Required action: Repeat the data in full and exactly. Leave the pictures out.

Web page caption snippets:
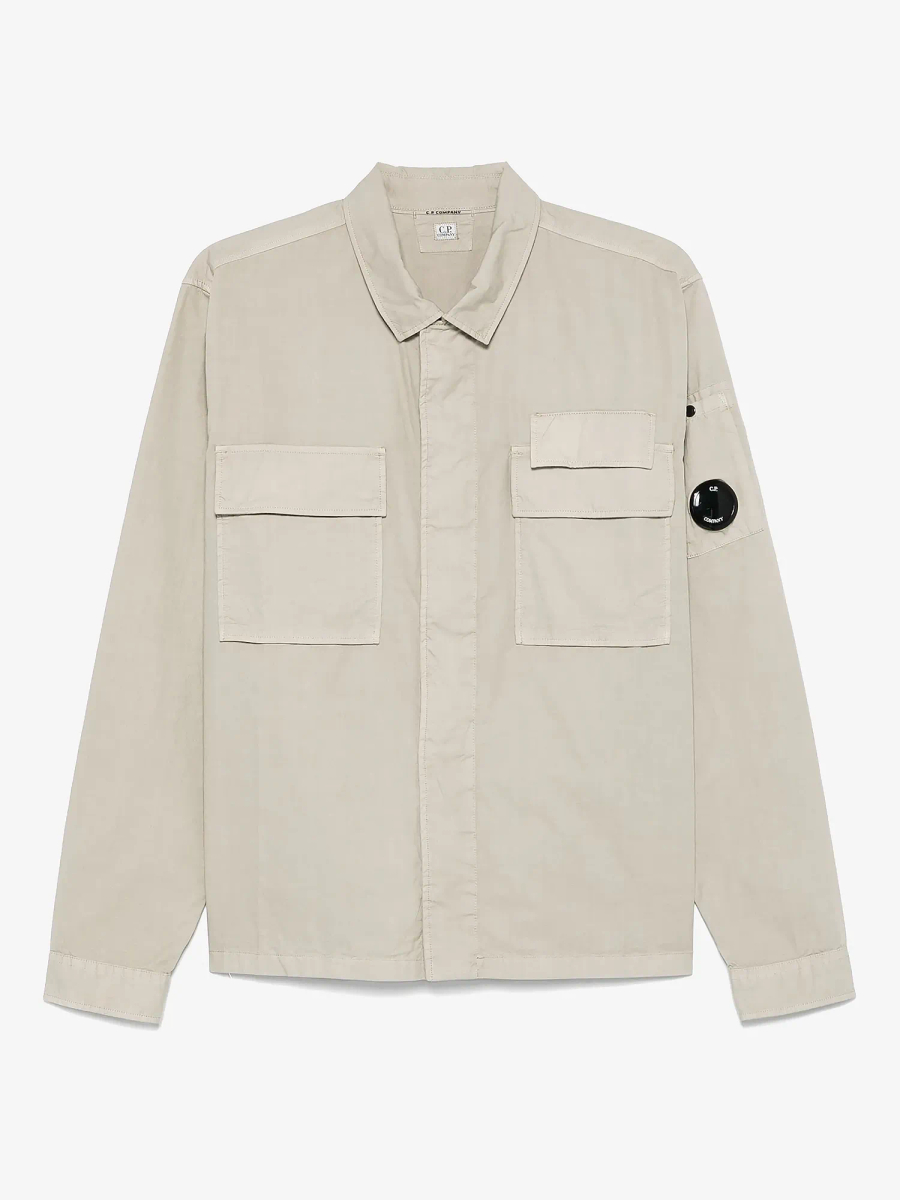 C.P. COMPANY — Овершот Organic Gabardine Hidden Zip Lens Dove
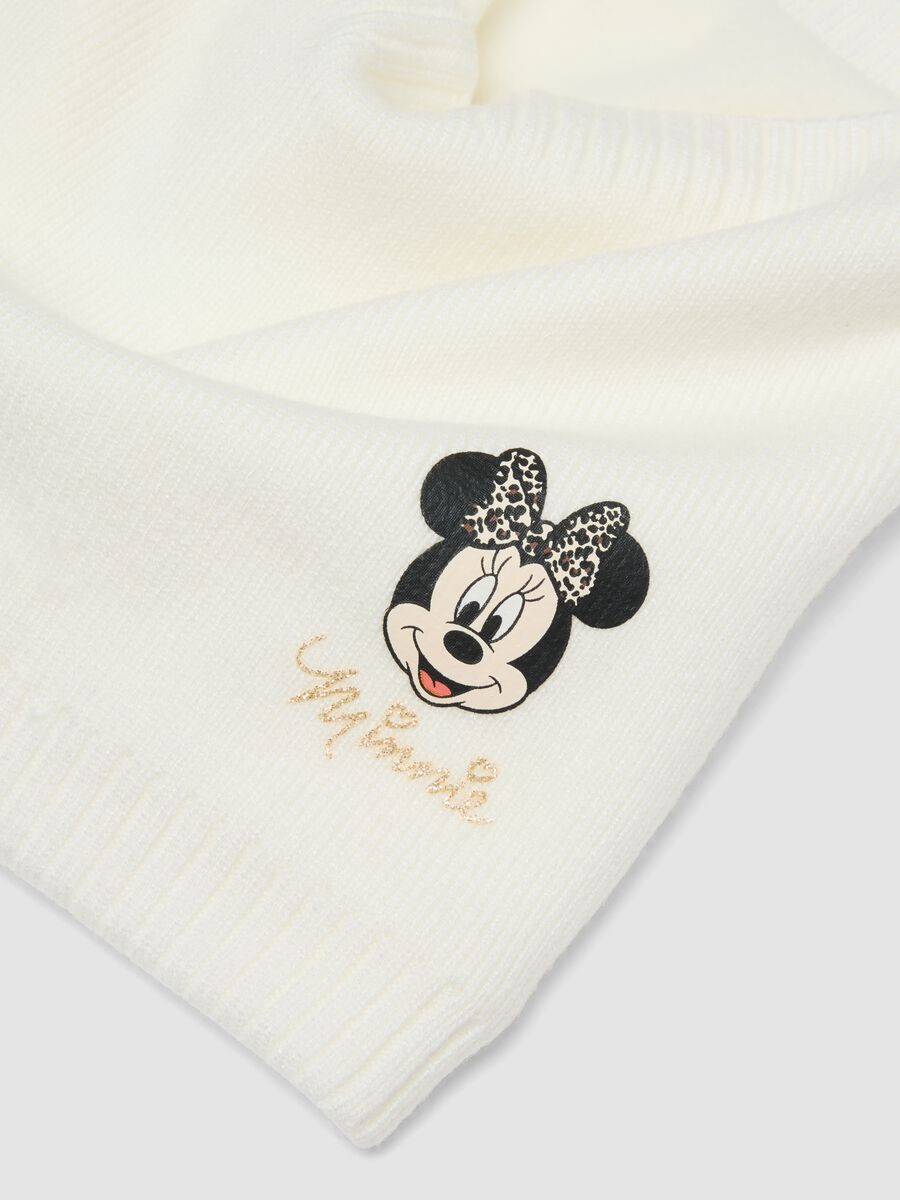 White viscose-blend scarf with Minnie print_1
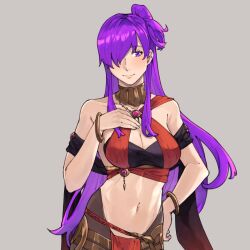 Rule 34 | 1girl, alternate costume, bare shoulders, breasts, cleavage, commentary, cosplay, dancer, female focus, fire emblem, fire emblem: three houses, fire emblem heroes, fire emblem warriors: three hopes, grey background, hair over one eye, harem outfit, jewelry, large breasts, lene (fire emblem), lene (fire emblem) (cosplay), long hair, looking at viewer, matching hair/eyes, midriff, navel, neck ring, nintendo, one side up, purple eyes, purple hair, sakuremi, shez (female) (fire emblem), shez (fire emblem), simple background, smile, solo, stomach, upper body, very long hair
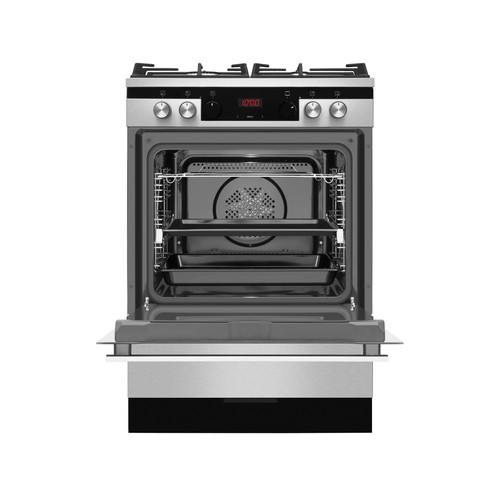 Cocina independiente a gas butano FAGOR 3CLG-610BX inox, 4 fuegos, horno eléctrico 77L, H: 85cm, A: 60cm, F: 60cm.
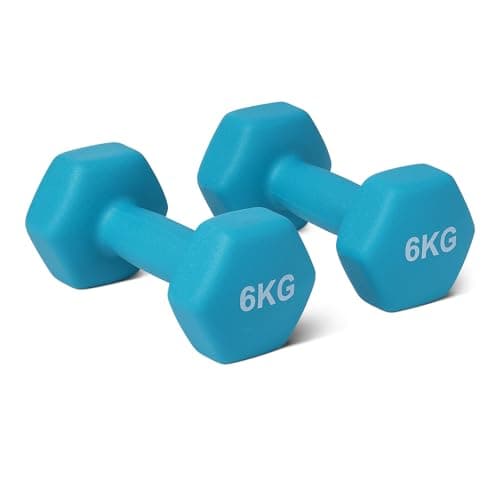 Image of Amazon Basics Neoprene Dumbbell Weights Set, 6 kg, Cyan
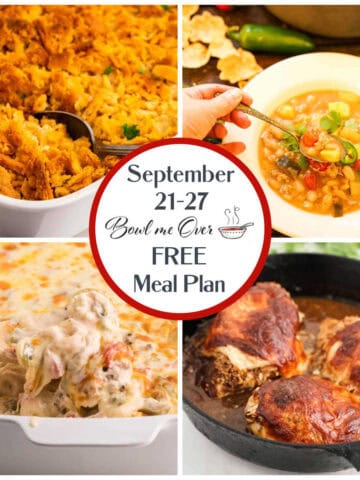 A collage of photos for weekly meal plan 39, including baked chicken, a tortellini casserole, white chili soup and a Ritz Cracker chicken casserole.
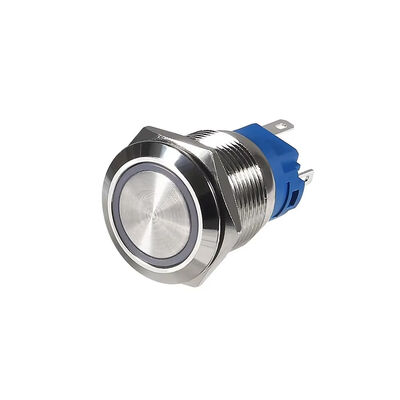 DirencNet - 19mm Mavi LED'li 12-24V Bağlantı Kablolu Su Geçirmez Metal Anahtar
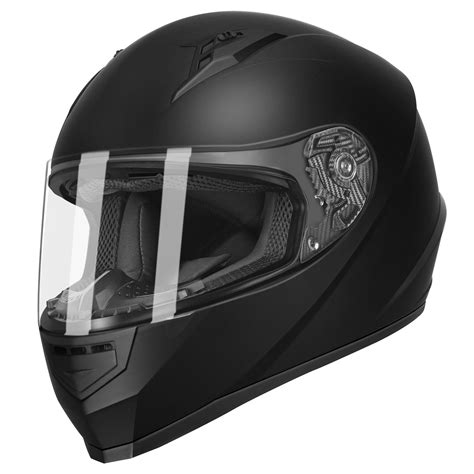 GLX GX11 Compact Lightweight Full Face Motorcycle Street Bike Helmet with Extra Tinted Visor DOT ...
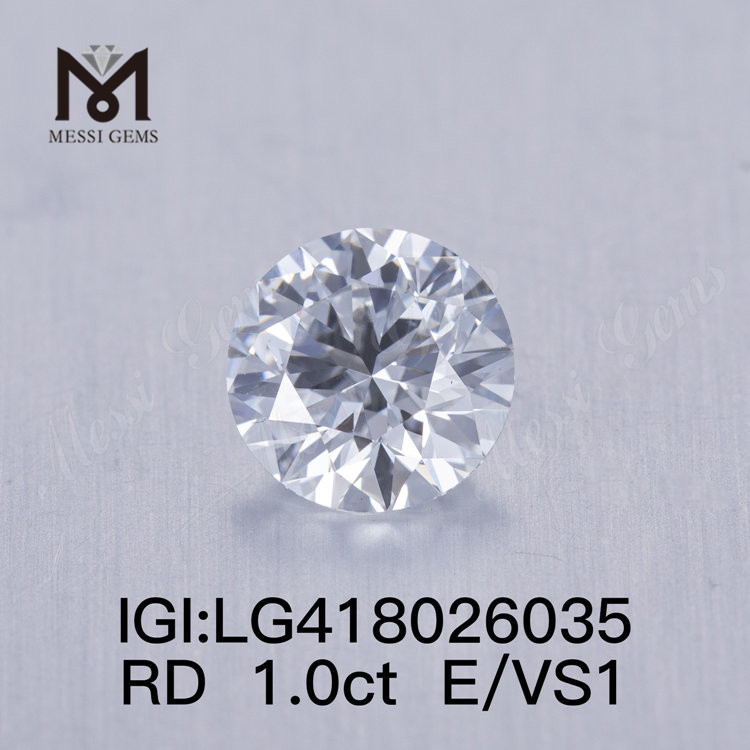 1.0CT E/VS1 Round EX VG Lab Grown Diamond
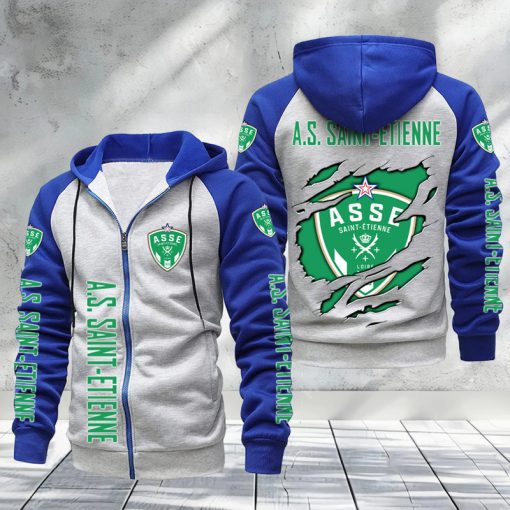 AS Saint-Étienne – Hoodie zippé raglan Nouveau Design Nouvelle édition AS Saint-Étienne – Hoodie zippé raglan Nouveau Design Nouvelle édition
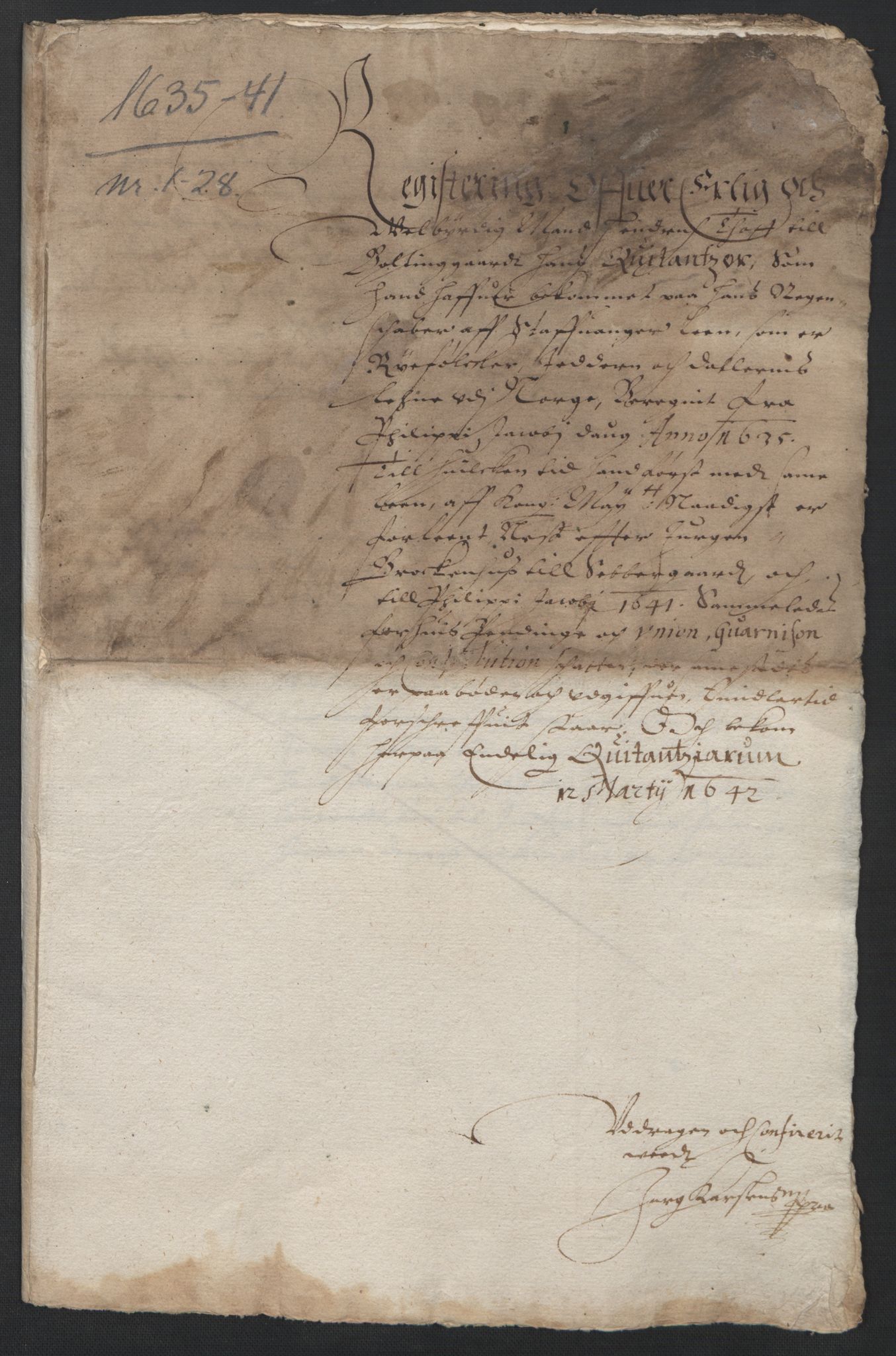 Rentekammeret inntil 1814, Reviderte regnskaper, Lensregnskaper, AV/RA-EA-5023/R/Rb/Rbs/L0025: Stavanger len, 1635-1642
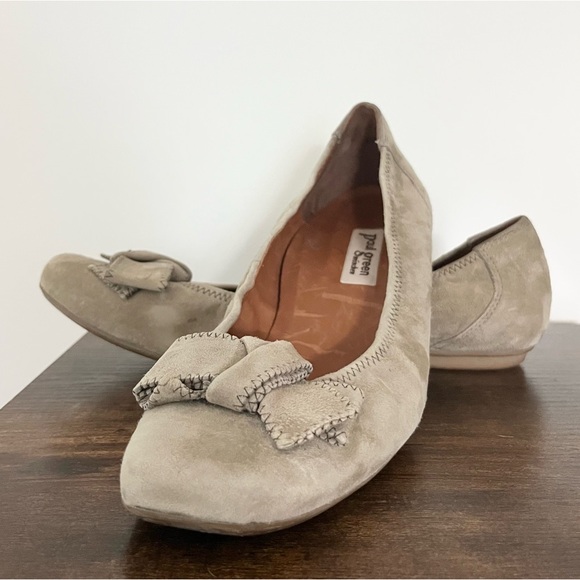 Paul Green Munchen Suede Leather Ballet Flats Taupe w Top Ribbon Stitched 6.5 - Picture 2 of 11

Answer for this exercise:
 C.P. COMPANY — Овершот Organic Gabardine Hidden Zip Lens Dove
 White viscose-blend scarf with Minnie print_1
 Rule 34 | 1girl, alternate costume, bare shoulders, breasts, cleavage, commentary, cosplay, dancer, female focus, fire emblem, fire emblem: three houses, fire emblem heroes, fire emblem warriors: three hopes, grey background, hair over one eye, harem outfit, jewelry, large breasts, lene (fire emblem), lene (fire emblem) (cosplay), long hair, looking at viewer, matching hair/eyes, midriff, navel, neck ring, nintendo, one side up, purple eyes, purple hair, sakuremi, shez (female) (fire emblem), shez (fire emblem), simple background, smile, solo, stomach, upper body, very long hair
 Cocina independiente a gas butano FAGOR 3CLG-610BX inox, 4 fuegos, horno eléctrico 77L, H: 85cm, A: 60cm, F: 60cm.
 Image of Amazon Basics Neoprene Dumbbell Weights Set, 6 kg, Cyan
 A collage of photos for weekly meal plan 39, including baked chicken, a tortellini casserole, white chili soup and a Ritz Cracker chicken casserole.
 DirencNet - 19mm Mavi LED'li 12-24V Bağlantı Kablolu Su Geçirmez Metal Anahtar
 GLX GX11 Compact Lightweight Full Face Motorcycle Street Bike Helmet with Extra Tinted Visor DOT ...
 1.0CT E/VS1 Round EX VG Lab Grown Diamond
 AS Saint-Étienne – Hoodie zippé raglan Nouveau Design Nouvelle édition AS Saint-Étienne – Hoodie zippé raglan Nouveau Design Nouvelle édition
 Rentekammeret inntil 1814, Reviderte regnskaper, Lensregnskaper, AV/RA-EA-5023/R/Rb/Rbs/L0025: Stavanger len, 1635-1642
 Paul Green Munchen Suede Leather Ballet Flats Taupe w Top Ribbon Stitched 6.5 - Picture 2 of 11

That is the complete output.